まぁ少しネタバレだが、今の状態ならもしかしたらないかもしれないのだけど…
話しは脱線してしまったが、彼女の誕生日に私が必ずやっている事がある。
それこそ今となっては彼女は何のトキメキもないが、最初の誕生日の時は、涙を流して喜んでくれた。
懐かしい思い出だなぁ…。あの頃に戻りたい……。
私は彼女の誕生日の日にサプライズとして、必ずお花屋さんで歳の数だけの深紅の真っ赤なバラを別れ際に送っていた。
「そろそろ帰ろうか、今日は姫にとっていい誕生日になったかな?」
「うん!欲しかった物も買って貰えて、普段出来ないエッチも出来て、もう最高の誕生日だよっ!本当にありがとう!」
「実はね、まだ終わりじゃないんだ。もう一つだけ俺からプレゼントがあるの」
「え!?なになに?チューとかならいっぱいしたからもう十分だよ?」
私は車のトランクから彼女の歳の本数のバラを取り出す。
「はい、コレ。お誕生日、本当におめでとう!愛してるよっ姫ちゃん!」
その深紅のバラを見るやいなや、彼女は感激で瞳がウルウルしてきていた。
「私…、今まで生きてきてこんなプレゼント初めて。ありがとう…、嬉しい…」
「泣くほどなのぉ?自分ではちょっとくさかったかなって思ってるんだけどね」
後日、確かに周りの友人やら知人にバラの話しをしたら、どうやらバラは送りたくとも恥ずかしくてなかなか送れないものらしい。

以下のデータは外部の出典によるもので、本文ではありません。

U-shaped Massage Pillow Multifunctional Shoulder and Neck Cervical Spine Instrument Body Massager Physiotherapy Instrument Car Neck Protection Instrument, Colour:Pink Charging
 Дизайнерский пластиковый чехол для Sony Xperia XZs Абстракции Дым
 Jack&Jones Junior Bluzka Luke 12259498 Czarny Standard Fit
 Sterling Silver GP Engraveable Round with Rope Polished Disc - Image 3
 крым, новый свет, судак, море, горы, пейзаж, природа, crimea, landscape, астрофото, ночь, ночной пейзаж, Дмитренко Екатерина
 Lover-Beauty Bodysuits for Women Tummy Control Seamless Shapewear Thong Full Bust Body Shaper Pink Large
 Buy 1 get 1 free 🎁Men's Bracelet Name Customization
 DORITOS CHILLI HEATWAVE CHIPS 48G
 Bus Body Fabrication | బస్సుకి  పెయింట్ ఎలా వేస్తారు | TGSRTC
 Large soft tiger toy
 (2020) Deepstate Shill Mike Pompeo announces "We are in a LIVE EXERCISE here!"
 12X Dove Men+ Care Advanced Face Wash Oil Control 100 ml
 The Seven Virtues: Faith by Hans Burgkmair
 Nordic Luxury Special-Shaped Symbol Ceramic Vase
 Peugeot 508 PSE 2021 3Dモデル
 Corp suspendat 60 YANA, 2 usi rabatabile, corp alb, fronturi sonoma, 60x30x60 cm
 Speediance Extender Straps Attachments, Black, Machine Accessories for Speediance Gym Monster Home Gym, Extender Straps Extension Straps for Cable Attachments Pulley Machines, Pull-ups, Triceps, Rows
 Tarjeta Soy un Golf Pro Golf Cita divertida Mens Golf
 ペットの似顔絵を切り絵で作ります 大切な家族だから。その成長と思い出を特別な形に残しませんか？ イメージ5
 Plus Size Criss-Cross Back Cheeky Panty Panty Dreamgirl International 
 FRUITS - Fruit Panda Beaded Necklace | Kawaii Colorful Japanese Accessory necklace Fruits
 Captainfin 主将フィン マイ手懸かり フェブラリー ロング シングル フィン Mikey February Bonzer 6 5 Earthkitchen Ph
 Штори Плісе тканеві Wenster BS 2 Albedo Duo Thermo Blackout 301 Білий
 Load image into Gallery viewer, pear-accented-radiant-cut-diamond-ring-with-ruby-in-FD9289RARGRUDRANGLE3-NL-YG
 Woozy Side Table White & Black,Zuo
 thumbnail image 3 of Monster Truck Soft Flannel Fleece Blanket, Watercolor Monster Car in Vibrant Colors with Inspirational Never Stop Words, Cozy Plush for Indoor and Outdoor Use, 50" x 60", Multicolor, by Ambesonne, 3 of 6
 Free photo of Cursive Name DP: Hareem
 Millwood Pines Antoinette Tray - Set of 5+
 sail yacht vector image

私も初めての体験だったが自分が本当に愛してる人だったから、恥ずかしいとかという気持ちはなかった。
「泣くなよぉ。そんなに嬉しいの?」
「うん、嬉しいよ。とにかく嬉しいの。バラなんて貰ったの初めてだし、しかもこれ私の歳の数でしょ?」
「うん。その通りだよ!よく気付いたね。」
「なんだかドラマみたいで夢みてるみたい……」
そう言った後、泣きながら彼女は私に抱き着いてきて、しばらく離れようとしなかった。
よっぽど嬉しかったみたいである。どうかな?って心配してたけど送ってよかったと思っている。
それも今となっては………あぁ、あの頃に戻りたい。